Required work.
What you give back should match the records word for word.

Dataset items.
+---+

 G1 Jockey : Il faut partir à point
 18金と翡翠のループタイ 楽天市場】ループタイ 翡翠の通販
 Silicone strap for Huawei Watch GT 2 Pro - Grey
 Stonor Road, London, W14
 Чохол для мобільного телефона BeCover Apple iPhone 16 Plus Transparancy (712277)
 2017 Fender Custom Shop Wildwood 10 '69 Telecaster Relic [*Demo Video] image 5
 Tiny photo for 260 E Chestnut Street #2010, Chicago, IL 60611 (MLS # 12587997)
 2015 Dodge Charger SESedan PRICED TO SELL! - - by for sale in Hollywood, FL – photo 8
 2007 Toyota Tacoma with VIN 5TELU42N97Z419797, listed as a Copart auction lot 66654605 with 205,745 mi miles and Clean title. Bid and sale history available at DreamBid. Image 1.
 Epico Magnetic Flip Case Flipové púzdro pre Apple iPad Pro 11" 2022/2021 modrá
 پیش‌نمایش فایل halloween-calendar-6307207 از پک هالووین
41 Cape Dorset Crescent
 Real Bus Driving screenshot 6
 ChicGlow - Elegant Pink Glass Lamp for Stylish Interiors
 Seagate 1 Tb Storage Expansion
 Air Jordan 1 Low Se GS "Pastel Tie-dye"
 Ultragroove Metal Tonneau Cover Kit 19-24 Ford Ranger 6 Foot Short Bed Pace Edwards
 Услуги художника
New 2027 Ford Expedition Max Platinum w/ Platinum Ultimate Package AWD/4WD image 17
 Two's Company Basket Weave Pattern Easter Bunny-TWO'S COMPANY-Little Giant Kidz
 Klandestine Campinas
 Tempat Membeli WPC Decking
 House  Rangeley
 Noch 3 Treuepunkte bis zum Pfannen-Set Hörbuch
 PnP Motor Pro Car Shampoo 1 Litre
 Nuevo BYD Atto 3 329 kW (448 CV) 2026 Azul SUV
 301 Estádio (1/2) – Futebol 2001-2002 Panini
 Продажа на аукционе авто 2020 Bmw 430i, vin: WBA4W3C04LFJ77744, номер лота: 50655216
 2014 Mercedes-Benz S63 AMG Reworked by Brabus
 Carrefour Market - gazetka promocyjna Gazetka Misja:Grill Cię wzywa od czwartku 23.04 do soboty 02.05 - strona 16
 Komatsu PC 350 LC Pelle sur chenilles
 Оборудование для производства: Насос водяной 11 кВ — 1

+---+

Output for this exercise.
 G1 Jockey : Il faut partir à point
 18金と翡翠のループタイ 楽天市場】ループタイ 翡翠の通販
 Silicone strap for Huawei Watch GT 2 Pro - Grey
 Stonor Road, London, W14
 Чохол для мобільного телефона BeCover Apple iPhone 16 Plus Transparancy (712277)
 2017 Fender Custom Shop Wildwood 10 '69 Telecaster Relic [*Demo Video] image 5
 Tiny photo for 260 E Chestnut Street #2010, Chicago, IL 60611 (MLS # 12587997)
 2015 Dodge Charger SESedan PRICED TO SELL! - - by for sale in Hollywood, FL – photo 8
 2007 Toyota Tacoma with VIN 5TELU42N97Z419797, listed as a Copart auction lot 66654605 with 205,745 mi miles and Clean title. Bid and sale history available at DreamBid. Image 1.
 Epico Magnetic Flip Case Flipové púzdro pre Apple iPad Pro 11" 2022/2021 modrá
 پیش‌نمایش فایل halloween-calendar-6307207 از پک هالووین
41 Cape Dorset Crescent
 Real Bus Driving screenshot 6
 ChicGlow - Elegant Pink Glass Lamp for Stylish Interiors
 Seagate 1 Tb Storage Expansion
 Air Jordan 1 Low Se GS "Pastel Tie-dye"
 Ultragroove Metal Tonneau Cover Kit 19-24 Ford Ranger 6 Foot Short Bed Pace Edwards
 Услуги художника
New 2027 Ford Expedition Max Platinum w/ Platinum Ultimate Package AWD/4WD image 17
 Two's Company Basket Weave Pattern Easter Bunny-TWO'S COMPANY-Little Giant Kidz
 Klandestine Campinas
 Tempat Membeli WPC Decking
 House  Rangeley
 Noch 3 Treuepunkte bis zum Pfannen-Set Hörbuch
 PnP Motor Pro Car Shampoo 1 Litre
 Nuevo BYD Atto 3 329 kW (448 CV) 2026 Azul SUV
 301 Estádio (1/2) – Futebol 2001-2002 Panini
 Продажа на аукционе авто 2020 Bmw 430i, vin: WBA4W3C04LFJ77744, номер лота: 50655216
 2014 Mercedes-Benz S63 AMG Reworked by Brabus
 Carrefour Market - gazetka promocyjna Gazetka Misja:Grill Cię wzywa od czwartku 23.04 do soboty 02.05 - strona 16
 Komatsu PC 350 LC Pelle sur chenilles
 Оборудование для производства: Насос водяной 11 кВ — 1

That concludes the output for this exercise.